EXCERPTED RECORDS:
^^^^

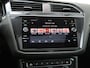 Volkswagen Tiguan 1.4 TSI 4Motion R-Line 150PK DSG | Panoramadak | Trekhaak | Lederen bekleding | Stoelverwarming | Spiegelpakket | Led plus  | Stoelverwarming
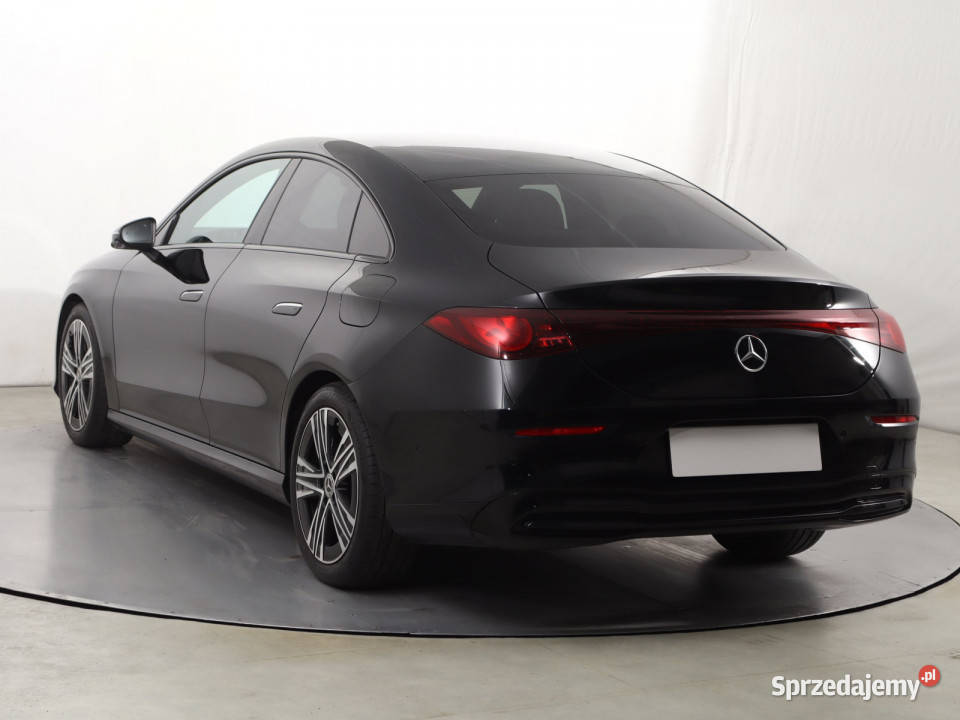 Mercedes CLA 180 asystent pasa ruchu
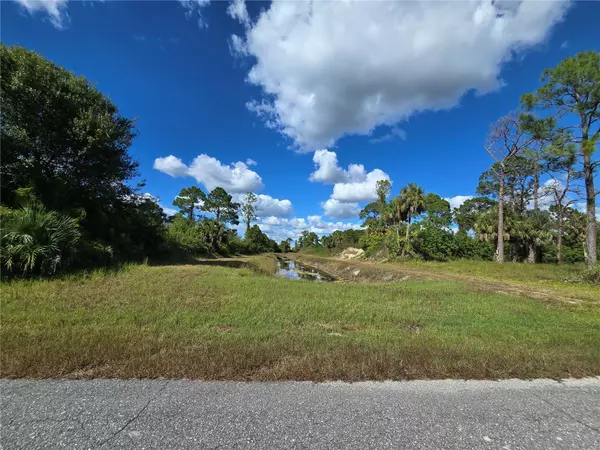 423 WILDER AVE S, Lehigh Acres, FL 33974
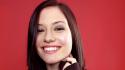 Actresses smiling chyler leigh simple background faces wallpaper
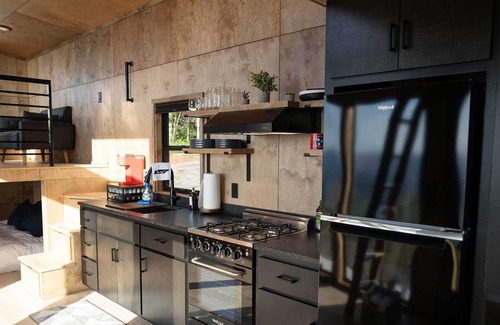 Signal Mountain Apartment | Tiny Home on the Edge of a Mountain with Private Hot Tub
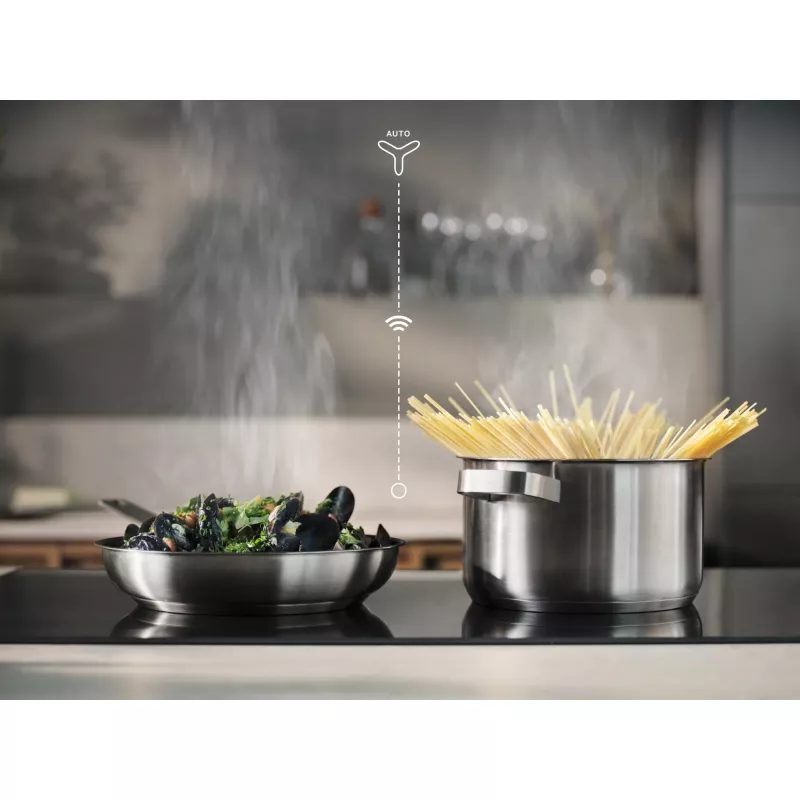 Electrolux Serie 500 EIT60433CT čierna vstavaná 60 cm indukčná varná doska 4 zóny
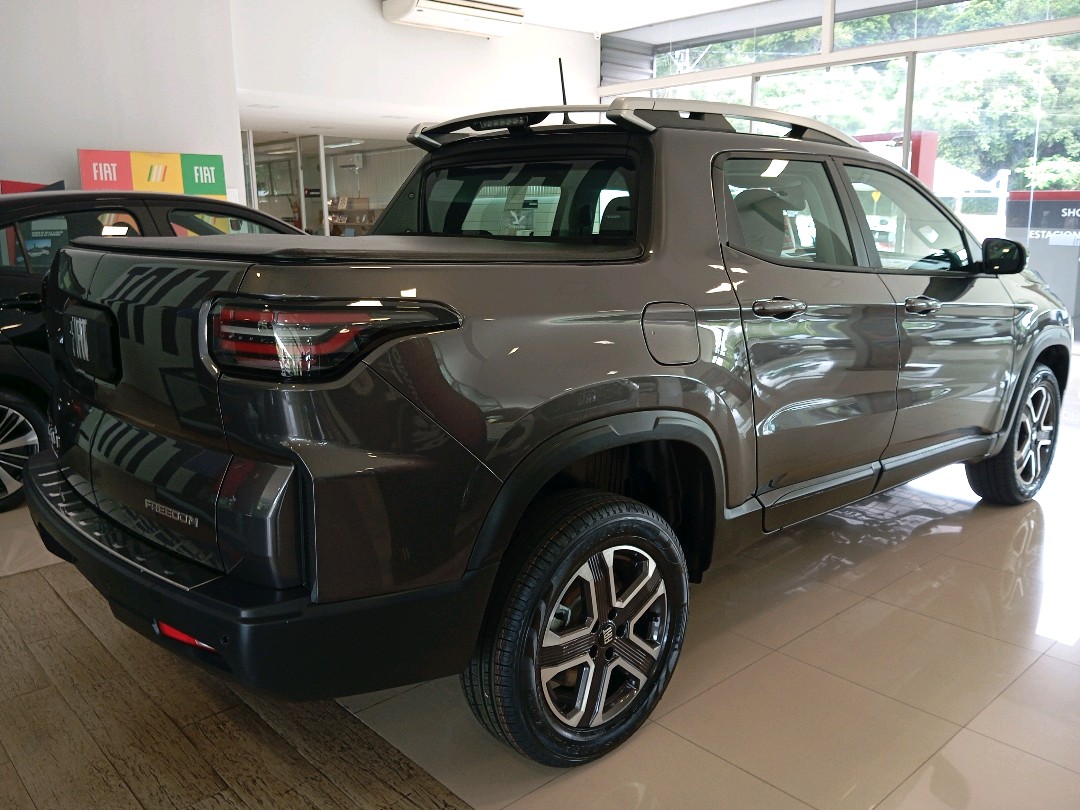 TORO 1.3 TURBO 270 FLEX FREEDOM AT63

^^^^

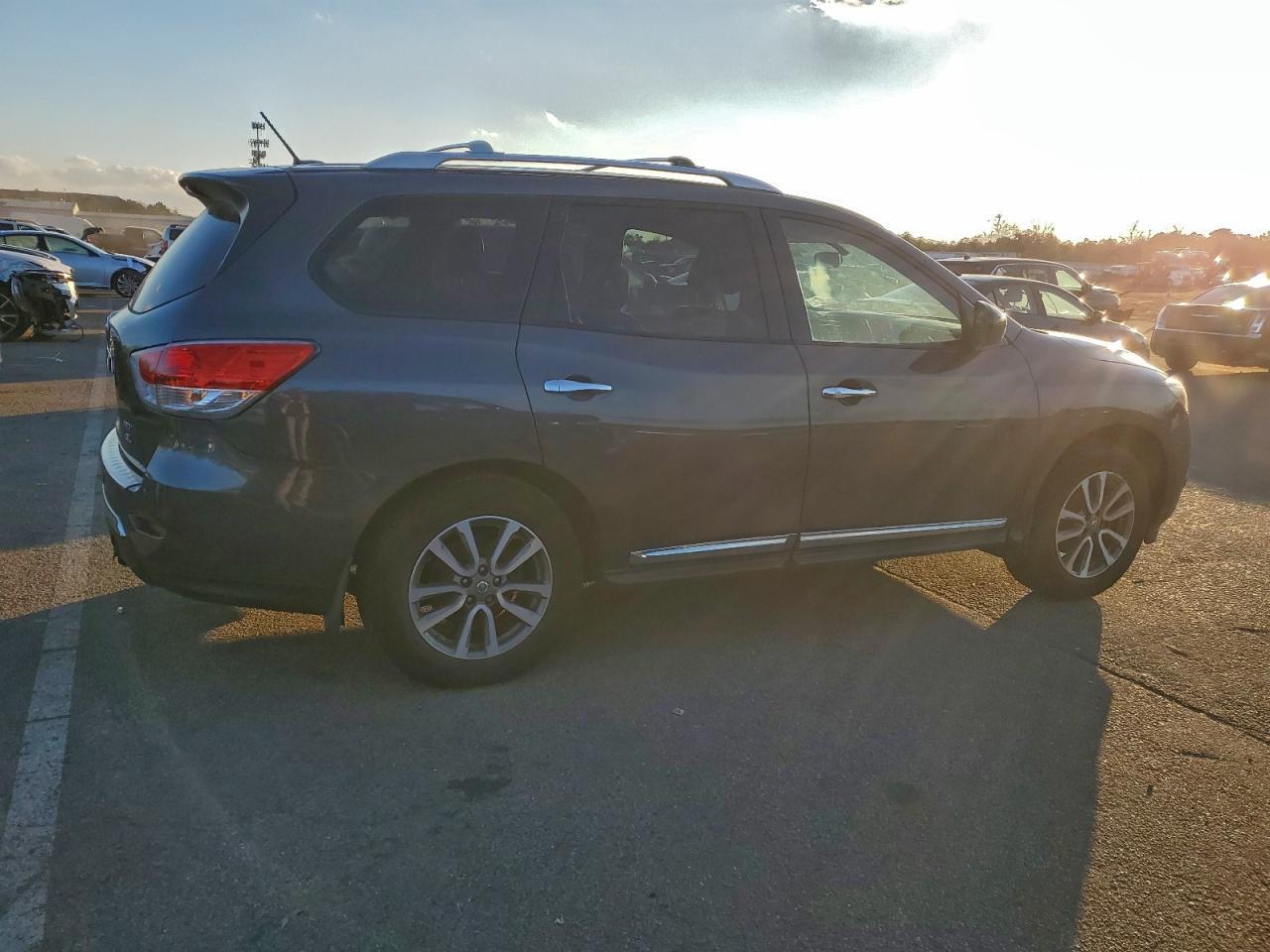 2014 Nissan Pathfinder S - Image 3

^^^^

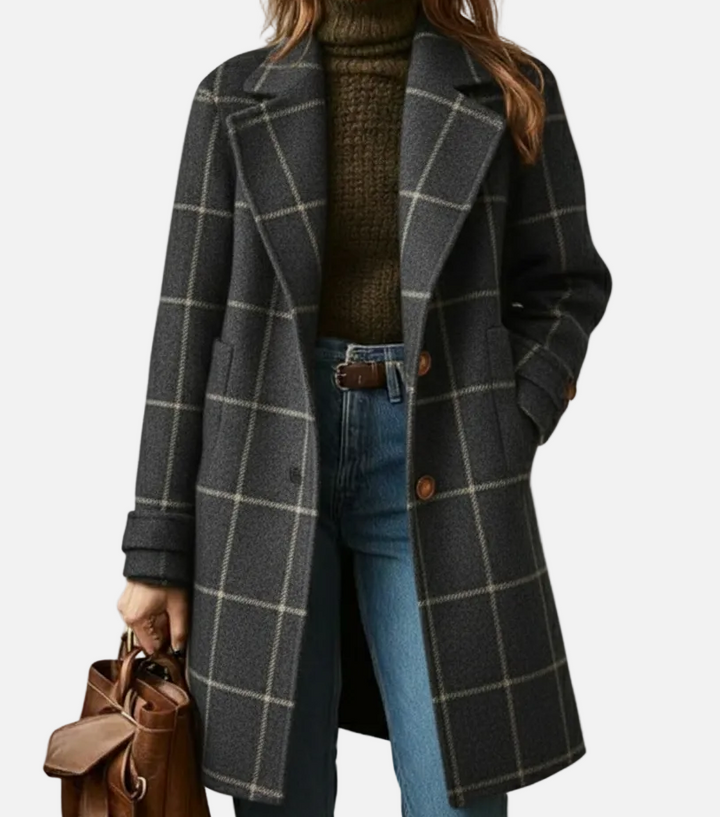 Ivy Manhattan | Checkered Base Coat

^^^^

YOUR TASK: Set down word for word the lines above from the one with "Volkswagen Tiguan 1.4" up to and including the one with "TORO 1.3 TURBO 270 FLEX FREEDOM AT63". Omit every picture.

ANSWER SPACE:
 Volkswagen Tiguan 1.4 TSI 4Motion R-Line 150PK DSG | Panoramadak | Trekhaak | Lederen bekleding | Stoelverwarming | Spiegelpakket | Led plus  | Stoelverwarming
 Mercedes CLA 180 asystent pasa ruchu
 423 WILDER AVE S, Lehigh Acres, FL 33974
 Actresses smiling chyler leigh simple background faces wallpaper
 Signal Mountain Apartment | Tiny Home on the Edge of a Mountain with Private Hot Tub
 Electrolux Serie 500 EIT60433CT čierna vstavaná 60 cm indukčná varná doska 4 zóny
 TORO 1.3 TURBO 270 FLEX FREEDOM AT63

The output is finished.